In support of both teleworking and the examination process, the Agency implemented the eRed Folder (eRF) automated tool. This tool improves document file management and permits the electronic submission of office actions for review and credit. Finally, the number of eligible positions teleworking increased to 87 percent for FY 2008.
Exploring Range of Options to Meet Challenges
While continued hiring of patent examiners is key to managing increasing workloads, hiring alone is not the answer to the growth of filings and complexity in the patent system. In fact, the Agency is exploring a range of innovative concepts to meet these challenges.
The USPTO expects to increase productivity in the Patent organization by offering examiners more opportunities to determine when and how they do their work, and achieve higher bonuses. This year the Agency extended the voluntary Flat Goal Pilot program for patent examiners that moves production away from an hourly-based system. Under the pilot, examiners may earn larger, quarterly bonuses for every application examined above a particular target goal. Early indications are that participants prefer the per-application bonus compared to the present productivity award structure and enjoy the flexibility of choosing when and how to do their work. The USPTO will evaluate the results of the pilot and incorporate that information into future planning. Similarly, the Agency implemented a voluntary program providing laptops for experienced patent examiners which offers flexibility regarding when and where overtime work is performed. The vast majority of participants report improved production and job satisfaction.
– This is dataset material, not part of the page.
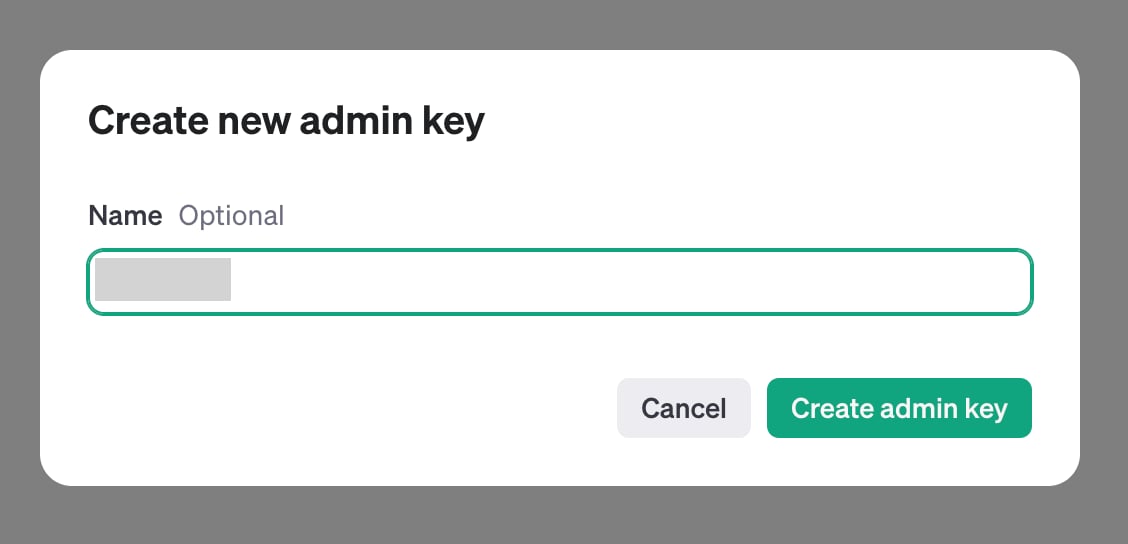 Admin key 作成画面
Another pilot concept is the First-Action Interview program, an initiative in which the applicant is entitled to a first-action interview, upon request, prior to the first office action on the merits. Interviews conducted early in an application’s prosecution allow for a speedy resolution of any unresolved issues. These, coupled with reduced applicant periods for response under the pilot, are expected to reduce total pendency for the applications examined under this initiative.
Other initiatives under way include the IP Experienced Hire pilot and the Peer Review pilot. In addition to at least one year of direct and current prosecution experience, candidates must have successfully completed a four-year course of study or specific course requirements in a science or engineering field. It is expected that the IP Experienced Hire pilot will greatly shorten the formal training period and performance adjustment phase for these new examiners. The USPTO has just extended the Peer Review pilot to include business methods in addition to the original computer-related applications.
There were notable regulatory and legislative developments this year. In April, a United States district court issued a permanent injunction enjoining the USPTO from implementing the changes in the Claims and Continuations Final Rule that was published last year. Therefore, the changes to the rules of practice in the Claims and Continuations Final Rule did not go into effect, and USPTO employees continue to process and examine patent applications as before, until further notice. In Congress, patent modernization legislation (H.R. 1908) passed the House of Representatives last fall. A companion bill in the Senate (S. 1145) was passed out of committee but did not reach the Senate floor. The USPTO held two Senate briefings, participated in over 60 meetings with Senate offices and provided technical assistance and expertise to many Judiciary Committee requests. It is anticipated that the patent legislation will be a major bill of the 111th Congress.
Through the Patent Public Advisory Committee (PPAC), the USPTO is reaching out to the user community to determine the types of examination options that should be provided as alternatives to the current system. This is resulting in an open dialogue with patent stakeholders and the public as to what the USPTO needs to do to best protect and encourage innovation in America.